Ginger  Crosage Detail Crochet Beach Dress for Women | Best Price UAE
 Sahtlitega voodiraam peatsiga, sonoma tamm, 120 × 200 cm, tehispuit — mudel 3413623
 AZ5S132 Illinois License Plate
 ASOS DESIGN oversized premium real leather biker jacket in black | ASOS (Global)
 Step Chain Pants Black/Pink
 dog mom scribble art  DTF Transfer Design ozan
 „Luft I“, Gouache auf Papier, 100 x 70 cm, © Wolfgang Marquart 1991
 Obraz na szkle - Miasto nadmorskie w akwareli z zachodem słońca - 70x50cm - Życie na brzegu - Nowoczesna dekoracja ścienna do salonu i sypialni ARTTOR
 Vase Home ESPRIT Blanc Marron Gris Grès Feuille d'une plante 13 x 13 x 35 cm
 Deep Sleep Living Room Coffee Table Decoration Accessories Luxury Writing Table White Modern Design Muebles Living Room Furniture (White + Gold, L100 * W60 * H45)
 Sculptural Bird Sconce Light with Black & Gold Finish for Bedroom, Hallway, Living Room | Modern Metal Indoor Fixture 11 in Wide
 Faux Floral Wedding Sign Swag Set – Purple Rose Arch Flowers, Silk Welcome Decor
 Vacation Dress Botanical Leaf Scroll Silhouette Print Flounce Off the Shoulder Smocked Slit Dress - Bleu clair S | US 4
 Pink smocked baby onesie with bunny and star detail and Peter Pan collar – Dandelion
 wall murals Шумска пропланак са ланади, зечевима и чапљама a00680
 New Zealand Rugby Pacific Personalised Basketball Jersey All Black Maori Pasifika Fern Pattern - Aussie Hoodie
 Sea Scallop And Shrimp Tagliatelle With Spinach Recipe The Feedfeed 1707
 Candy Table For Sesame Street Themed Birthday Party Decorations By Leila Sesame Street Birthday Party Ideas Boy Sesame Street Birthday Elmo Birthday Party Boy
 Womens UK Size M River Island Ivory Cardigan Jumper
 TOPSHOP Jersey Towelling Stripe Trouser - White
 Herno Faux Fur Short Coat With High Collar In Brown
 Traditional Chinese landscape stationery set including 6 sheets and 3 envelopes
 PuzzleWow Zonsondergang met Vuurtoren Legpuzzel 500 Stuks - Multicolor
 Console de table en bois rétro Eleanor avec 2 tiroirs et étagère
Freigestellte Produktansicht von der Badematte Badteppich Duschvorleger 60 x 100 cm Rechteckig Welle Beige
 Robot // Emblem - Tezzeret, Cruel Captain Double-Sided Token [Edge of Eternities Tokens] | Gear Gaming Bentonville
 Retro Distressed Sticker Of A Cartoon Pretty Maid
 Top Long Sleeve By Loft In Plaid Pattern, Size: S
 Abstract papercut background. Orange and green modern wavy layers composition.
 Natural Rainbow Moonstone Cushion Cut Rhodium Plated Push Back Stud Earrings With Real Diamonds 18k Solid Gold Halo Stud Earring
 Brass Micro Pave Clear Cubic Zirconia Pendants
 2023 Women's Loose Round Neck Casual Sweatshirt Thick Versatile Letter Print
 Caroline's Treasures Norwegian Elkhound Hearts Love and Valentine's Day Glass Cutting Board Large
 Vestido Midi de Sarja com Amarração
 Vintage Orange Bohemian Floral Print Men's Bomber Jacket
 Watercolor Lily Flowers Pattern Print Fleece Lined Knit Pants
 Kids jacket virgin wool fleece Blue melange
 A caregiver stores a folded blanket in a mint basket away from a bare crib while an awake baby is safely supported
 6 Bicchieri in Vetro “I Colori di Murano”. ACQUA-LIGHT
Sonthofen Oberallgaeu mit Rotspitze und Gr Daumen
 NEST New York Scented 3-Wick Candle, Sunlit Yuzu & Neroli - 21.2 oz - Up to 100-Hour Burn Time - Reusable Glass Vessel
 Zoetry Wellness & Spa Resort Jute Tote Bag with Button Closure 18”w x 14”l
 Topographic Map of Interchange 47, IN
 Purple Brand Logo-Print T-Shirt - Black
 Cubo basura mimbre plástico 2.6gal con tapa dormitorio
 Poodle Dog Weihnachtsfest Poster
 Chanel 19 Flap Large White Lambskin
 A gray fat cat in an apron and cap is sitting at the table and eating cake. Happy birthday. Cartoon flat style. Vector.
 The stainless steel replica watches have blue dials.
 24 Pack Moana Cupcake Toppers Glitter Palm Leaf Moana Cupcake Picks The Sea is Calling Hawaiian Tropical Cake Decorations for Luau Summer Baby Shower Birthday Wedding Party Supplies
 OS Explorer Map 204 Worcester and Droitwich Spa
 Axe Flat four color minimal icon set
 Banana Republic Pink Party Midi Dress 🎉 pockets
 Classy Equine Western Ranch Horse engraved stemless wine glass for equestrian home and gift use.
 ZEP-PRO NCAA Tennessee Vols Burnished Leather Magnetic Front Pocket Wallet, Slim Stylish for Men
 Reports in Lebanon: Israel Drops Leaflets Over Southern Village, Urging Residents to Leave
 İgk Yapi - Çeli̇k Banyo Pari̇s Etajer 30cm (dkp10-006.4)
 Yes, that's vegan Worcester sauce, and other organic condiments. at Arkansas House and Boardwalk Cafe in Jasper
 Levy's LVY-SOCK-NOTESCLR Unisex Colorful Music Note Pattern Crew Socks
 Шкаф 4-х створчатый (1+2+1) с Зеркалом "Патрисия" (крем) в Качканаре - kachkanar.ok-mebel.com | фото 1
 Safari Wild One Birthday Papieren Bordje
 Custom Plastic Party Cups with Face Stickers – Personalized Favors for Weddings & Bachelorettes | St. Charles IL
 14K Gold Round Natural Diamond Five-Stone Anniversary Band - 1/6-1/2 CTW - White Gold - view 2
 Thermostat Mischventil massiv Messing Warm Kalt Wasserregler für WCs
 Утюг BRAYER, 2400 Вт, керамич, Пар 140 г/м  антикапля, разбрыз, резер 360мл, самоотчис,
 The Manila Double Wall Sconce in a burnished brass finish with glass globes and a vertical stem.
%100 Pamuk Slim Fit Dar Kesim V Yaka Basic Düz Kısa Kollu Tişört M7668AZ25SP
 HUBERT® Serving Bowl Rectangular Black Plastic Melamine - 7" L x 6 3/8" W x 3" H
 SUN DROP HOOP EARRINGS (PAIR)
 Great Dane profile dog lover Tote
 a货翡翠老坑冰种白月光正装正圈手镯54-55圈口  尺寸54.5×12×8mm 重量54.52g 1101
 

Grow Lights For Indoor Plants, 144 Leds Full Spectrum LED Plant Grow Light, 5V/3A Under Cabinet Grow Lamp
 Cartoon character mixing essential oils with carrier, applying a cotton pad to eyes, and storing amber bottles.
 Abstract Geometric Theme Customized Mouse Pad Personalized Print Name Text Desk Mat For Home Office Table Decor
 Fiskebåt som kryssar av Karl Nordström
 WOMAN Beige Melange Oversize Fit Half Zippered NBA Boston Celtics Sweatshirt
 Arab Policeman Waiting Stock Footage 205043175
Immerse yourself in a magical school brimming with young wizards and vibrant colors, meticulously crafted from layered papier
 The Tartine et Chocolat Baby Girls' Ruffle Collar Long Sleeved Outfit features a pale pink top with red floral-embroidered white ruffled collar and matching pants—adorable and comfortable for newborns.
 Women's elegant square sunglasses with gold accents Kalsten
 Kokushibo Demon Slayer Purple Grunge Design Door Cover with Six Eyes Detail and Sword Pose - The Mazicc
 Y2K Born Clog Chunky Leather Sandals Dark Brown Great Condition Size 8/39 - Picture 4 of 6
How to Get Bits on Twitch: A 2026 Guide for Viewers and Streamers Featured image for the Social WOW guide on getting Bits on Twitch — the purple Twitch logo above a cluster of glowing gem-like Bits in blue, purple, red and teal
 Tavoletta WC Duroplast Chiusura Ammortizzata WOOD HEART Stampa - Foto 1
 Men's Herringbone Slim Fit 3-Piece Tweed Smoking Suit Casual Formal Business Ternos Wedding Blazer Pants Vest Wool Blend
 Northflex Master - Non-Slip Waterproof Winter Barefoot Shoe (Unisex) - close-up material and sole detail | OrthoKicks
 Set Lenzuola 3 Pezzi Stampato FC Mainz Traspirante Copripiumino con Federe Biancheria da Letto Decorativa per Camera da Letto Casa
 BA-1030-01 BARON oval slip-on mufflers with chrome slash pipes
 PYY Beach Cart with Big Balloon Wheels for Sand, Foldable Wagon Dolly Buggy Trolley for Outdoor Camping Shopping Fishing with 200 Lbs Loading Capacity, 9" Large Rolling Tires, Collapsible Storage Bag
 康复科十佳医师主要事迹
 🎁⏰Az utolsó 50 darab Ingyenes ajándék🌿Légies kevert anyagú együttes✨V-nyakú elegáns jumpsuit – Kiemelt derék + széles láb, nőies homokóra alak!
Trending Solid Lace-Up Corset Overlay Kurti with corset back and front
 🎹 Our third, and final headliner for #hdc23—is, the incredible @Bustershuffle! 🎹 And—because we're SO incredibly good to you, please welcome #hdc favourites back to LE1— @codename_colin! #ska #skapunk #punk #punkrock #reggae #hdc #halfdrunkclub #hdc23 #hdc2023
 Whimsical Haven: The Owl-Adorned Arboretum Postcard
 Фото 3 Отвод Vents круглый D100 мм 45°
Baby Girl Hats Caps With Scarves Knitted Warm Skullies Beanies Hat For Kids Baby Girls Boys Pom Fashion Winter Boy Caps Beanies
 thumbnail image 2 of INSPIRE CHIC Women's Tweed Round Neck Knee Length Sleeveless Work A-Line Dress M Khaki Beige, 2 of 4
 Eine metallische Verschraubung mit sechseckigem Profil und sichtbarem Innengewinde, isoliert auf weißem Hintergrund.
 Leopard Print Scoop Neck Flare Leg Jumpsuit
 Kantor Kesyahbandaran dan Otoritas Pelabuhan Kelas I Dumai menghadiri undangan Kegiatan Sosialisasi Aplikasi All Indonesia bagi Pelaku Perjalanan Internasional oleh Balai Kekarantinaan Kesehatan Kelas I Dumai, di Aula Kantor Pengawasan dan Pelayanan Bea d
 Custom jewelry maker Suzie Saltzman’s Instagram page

Aim of the exercise: Could you print, word for word, the line containing "Kantor Kesyahbandaran dan" and every line after it through the end of the records, and nothing else?

Response:
 Kantor Kesyahbandaran dan Otoritas Pelabuhan Kelas I Dumai menghadiri undangan Kegiatan Sosialisasi Aplikasi All Indonesia bagi Pelaku Perjalanan Internasional oleh Balai Kekarantinaan Kesehatan Kelas I Dumai, di Aula Kantor Pengawasan dan Pelayanan Bea d
 Custom jewelry maker Suzie Saltzman’s Instagram page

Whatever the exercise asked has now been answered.